(RECORDS begins)

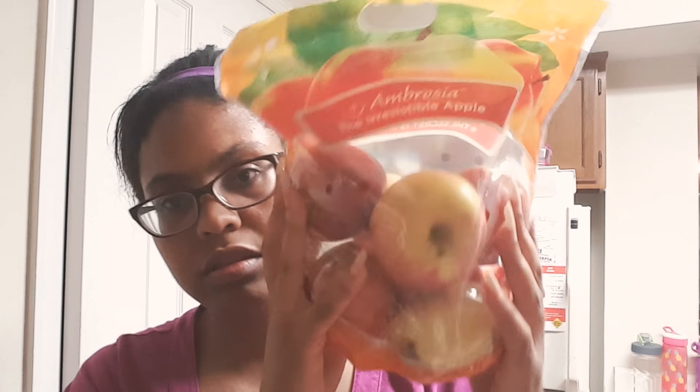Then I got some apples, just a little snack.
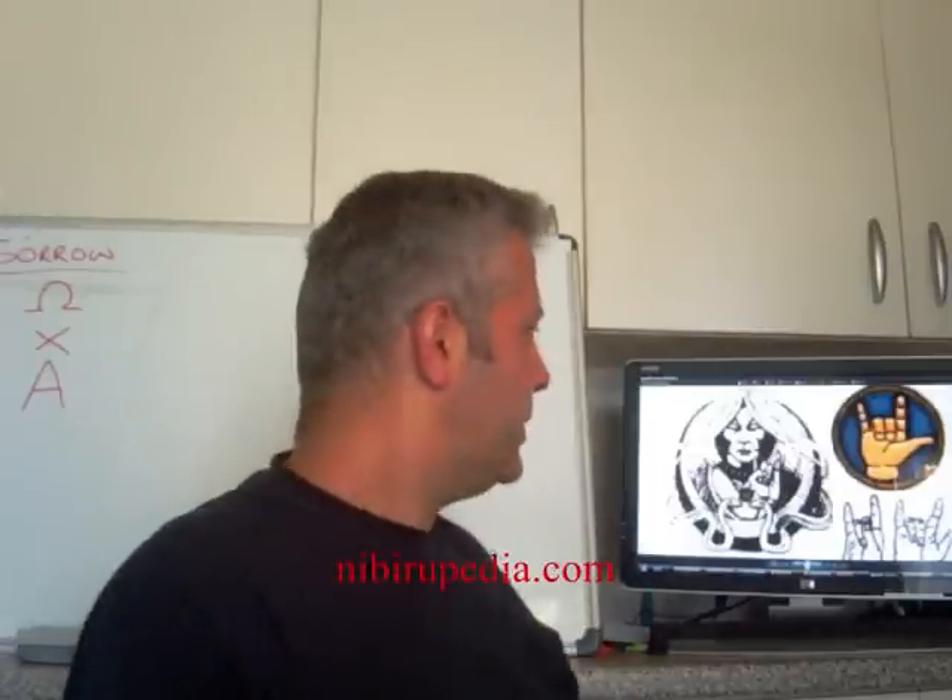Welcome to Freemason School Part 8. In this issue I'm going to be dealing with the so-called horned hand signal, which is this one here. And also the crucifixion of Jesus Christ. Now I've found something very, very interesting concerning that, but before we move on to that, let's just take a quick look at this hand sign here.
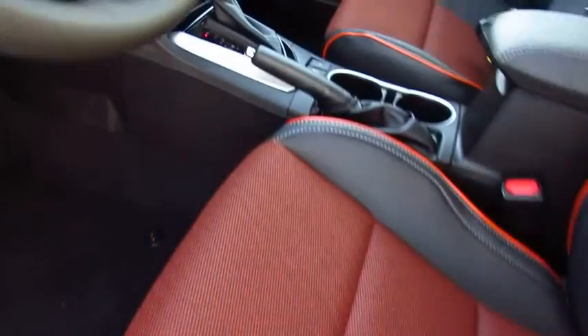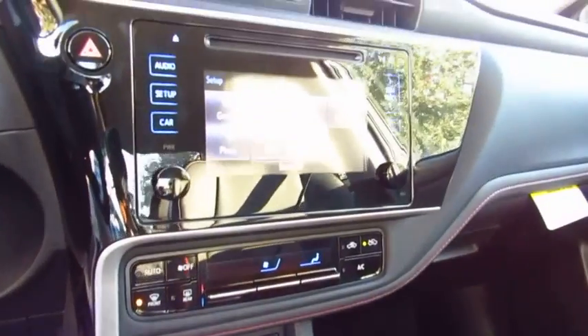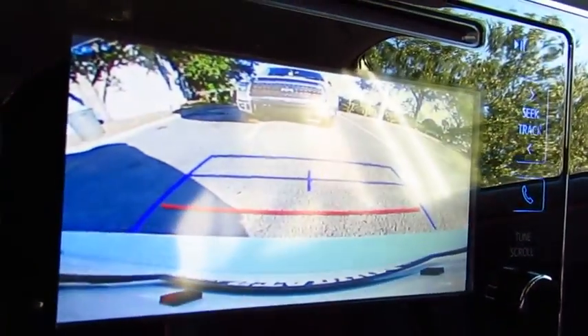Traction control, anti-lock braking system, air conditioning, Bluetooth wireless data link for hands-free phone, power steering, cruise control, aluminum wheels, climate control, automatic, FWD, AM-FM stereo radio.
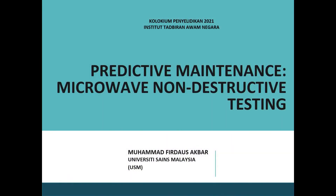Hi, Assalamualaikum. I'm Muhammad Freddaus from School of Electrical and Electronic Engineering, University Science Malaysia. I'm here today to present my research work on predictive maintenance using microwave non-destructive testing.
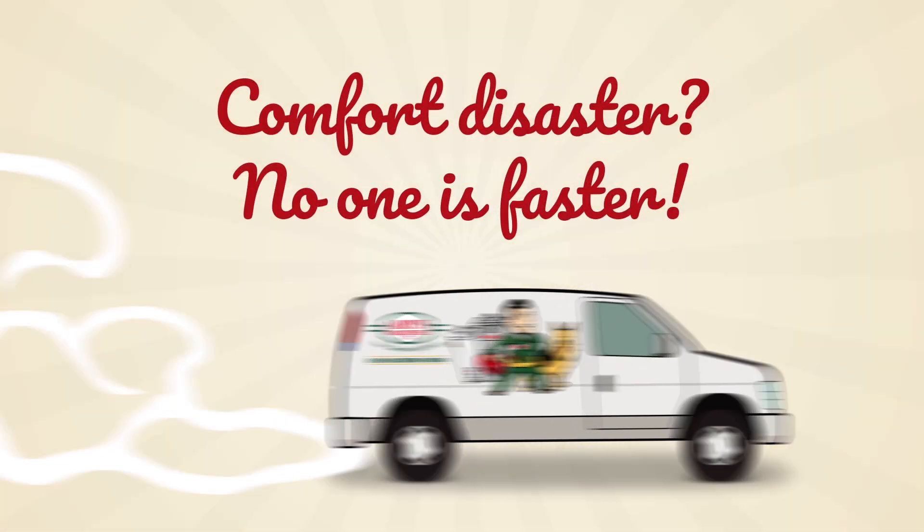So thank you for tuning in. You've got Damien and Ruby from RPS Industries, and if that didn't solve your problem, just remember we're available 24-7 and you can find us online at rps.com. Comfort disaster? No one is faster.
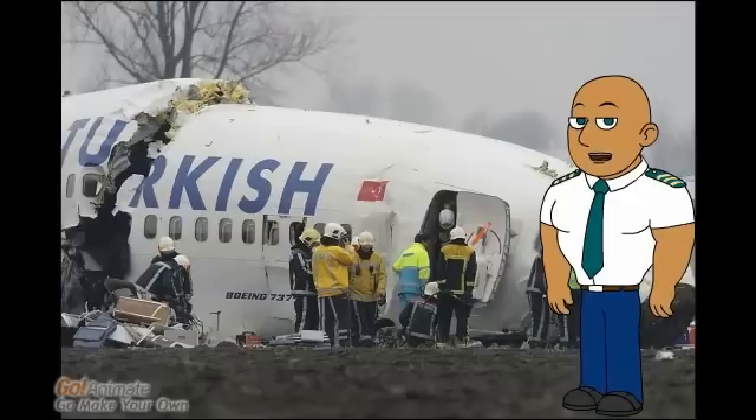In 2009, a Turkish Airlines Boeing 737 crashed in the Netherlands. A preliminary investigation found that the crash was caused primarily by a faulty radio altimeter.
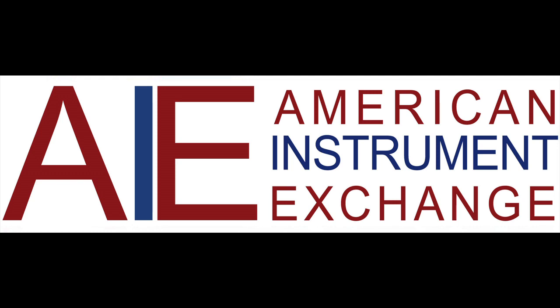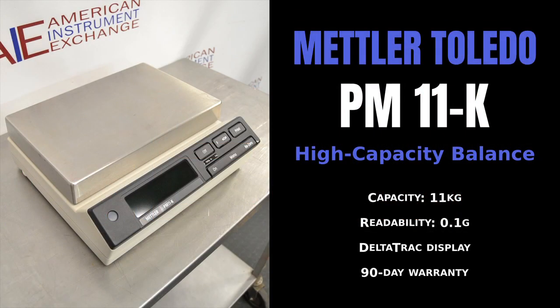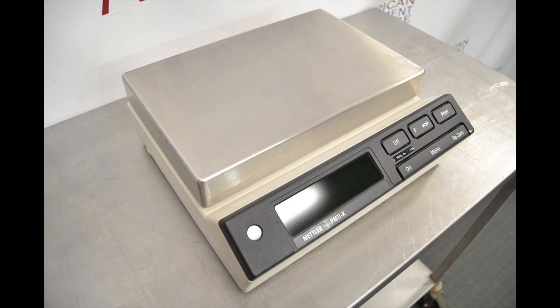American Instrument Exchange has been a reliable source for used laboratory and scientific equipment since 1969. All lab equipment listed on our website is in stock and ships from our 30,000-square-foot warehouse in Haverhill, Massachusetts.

(RECORDS ends)
(RECORDS begins)

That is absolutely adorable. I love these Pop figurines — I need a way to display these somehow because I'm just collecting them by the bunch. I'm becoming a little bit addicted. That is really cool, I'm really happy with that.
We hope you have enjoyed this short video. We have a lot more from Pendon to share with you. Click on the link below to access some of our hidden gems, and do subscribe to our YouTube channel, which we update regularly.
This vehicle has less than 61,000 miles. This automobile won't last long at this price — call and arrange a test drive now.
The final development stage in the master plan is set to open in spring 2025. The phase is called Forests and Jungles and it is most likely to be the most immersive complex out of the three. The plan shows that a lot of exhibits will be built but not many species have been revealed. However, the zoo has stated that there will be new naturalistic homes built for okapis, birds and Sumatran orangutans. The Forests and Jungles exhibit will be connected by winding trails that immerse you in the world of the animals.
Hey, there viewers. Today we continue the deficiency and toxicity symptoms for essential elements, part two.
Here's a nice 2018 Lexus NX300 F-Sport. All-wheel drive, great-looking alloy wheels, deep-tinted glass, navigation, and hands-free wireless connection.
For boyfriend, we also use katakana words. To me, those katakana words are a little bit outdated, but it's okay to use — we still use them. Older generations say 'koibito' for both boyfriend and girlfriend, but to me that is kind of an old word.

(RECORDS ends)

→ **WHAT THE EXERCISE ASKS**:
Once the line with "Then I got some apples, just a little snack." is found above, transcribe each line from it through the line with "Traction control, anti-lock", exactly, and omit the pictures.

→ **RESPONSE BOX**:
Then I got some apples, just a little snack.
Welcome to Freemason School Part 8. In this issue I'm going to be dealing with the so-called horned hand signal, which is this one here. And also the crucifixion of Jesus Christ. Now I've found something very, very interesting concerning that, but before we move on to that, let's just take a quick look at this hand sign here.
Traction control, anti-lock braking system, air conditioning, Bluetooth wireless data link for hands-free phone, power steering, cruise control, aluminum wheels, climate control, automatic, FWD, AM-FM stereo radio.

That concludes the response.